══ RECORD SET

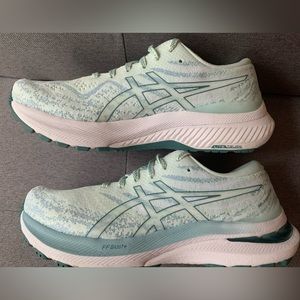 Women's Asics Gek Kayano 29 size 7.5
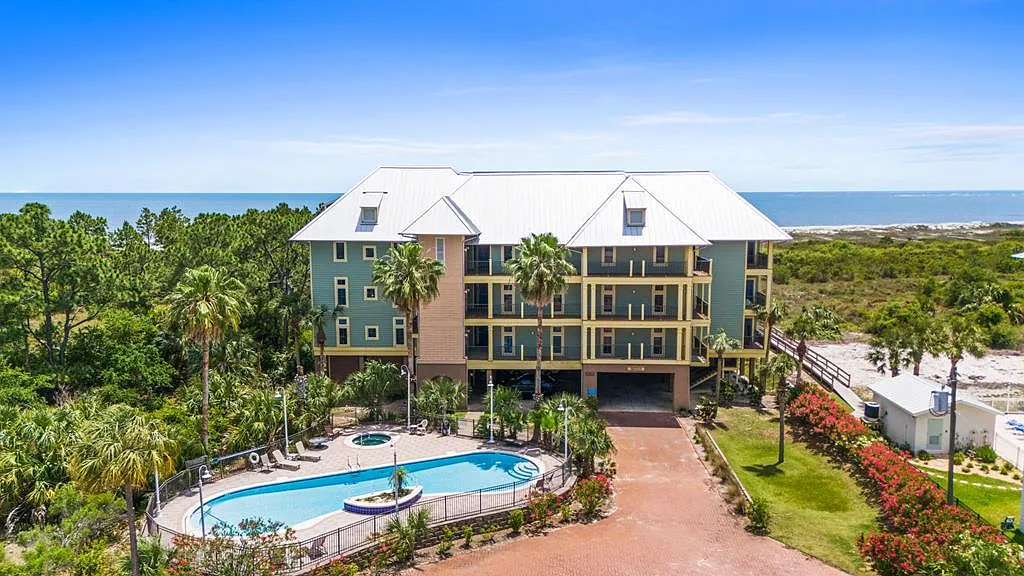 197 Cape Pointe Dr #C3, Pt Saint Joe FL - Owner Finance Home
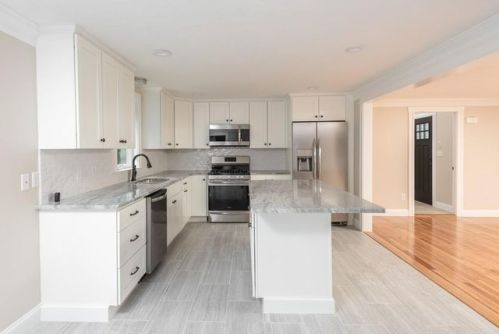 48 Shallow Pond Ln, Plymouth, MA 02360-1660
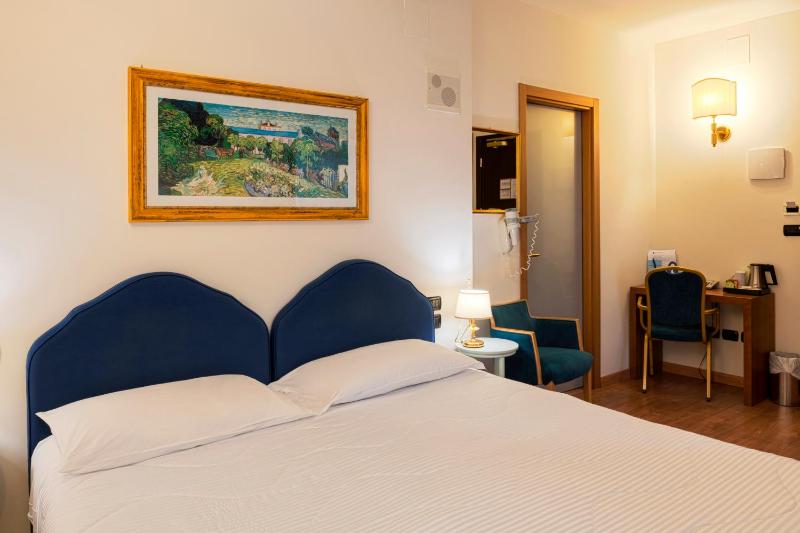 Small Double Room with Sofa Bed image 3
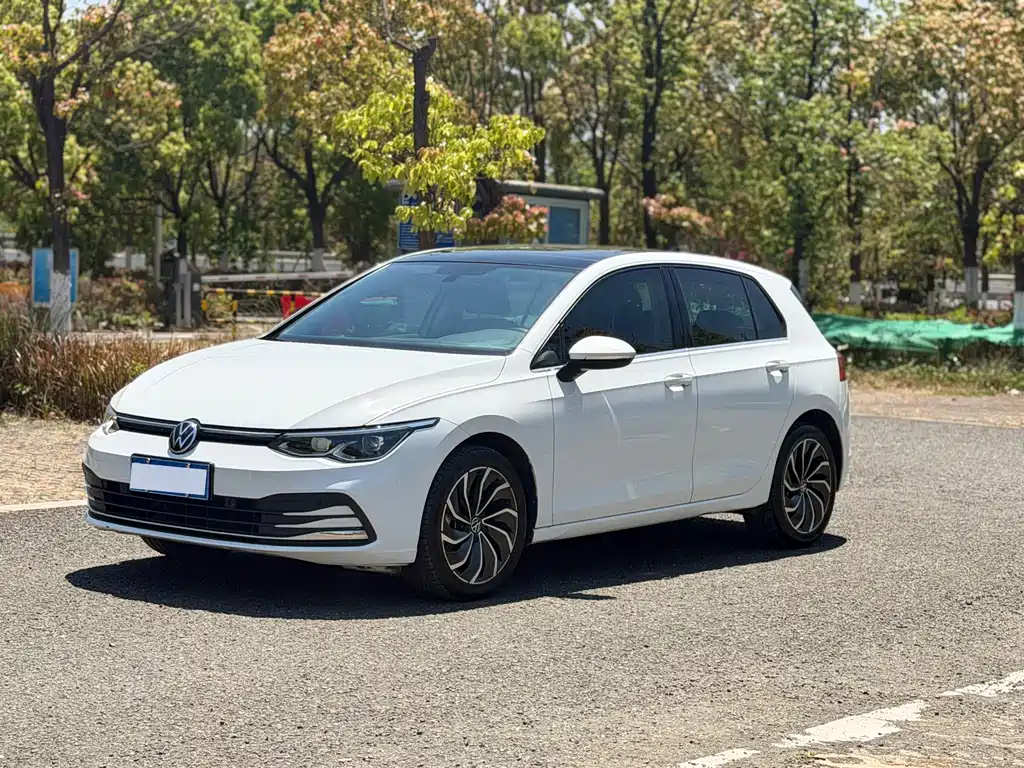 Volkswagen Golf 2024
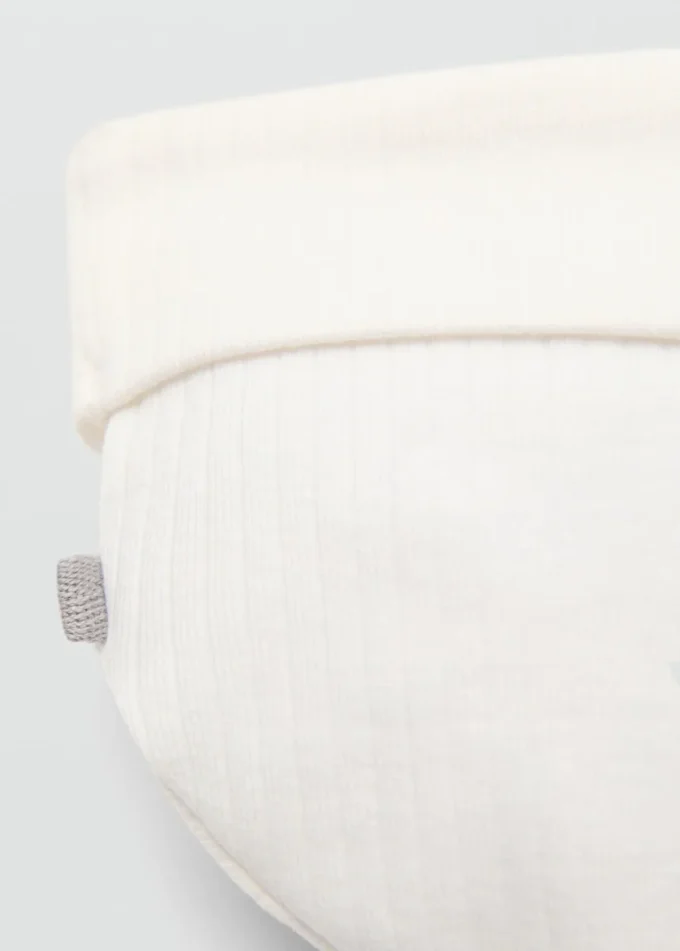 Klobouk s uzlem Klobouk s uzlem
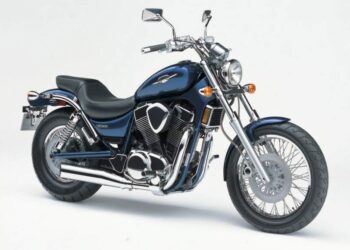 Мотоцикл Suzuki Boulevard S83 2005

════

**TASK PROMPT**
The lines to be quoted run from the line containing "Volkswagen Golf 2024" through the end of the entries above, both included; quote them exactly and leave out any pictures.

**EXERCISE SOLUTION**
 Volkswagen Golf 2024
 Klobouk s uzlem Klobouk s uzlem
 Мотоцикл Suzuki Boulevard S83 2005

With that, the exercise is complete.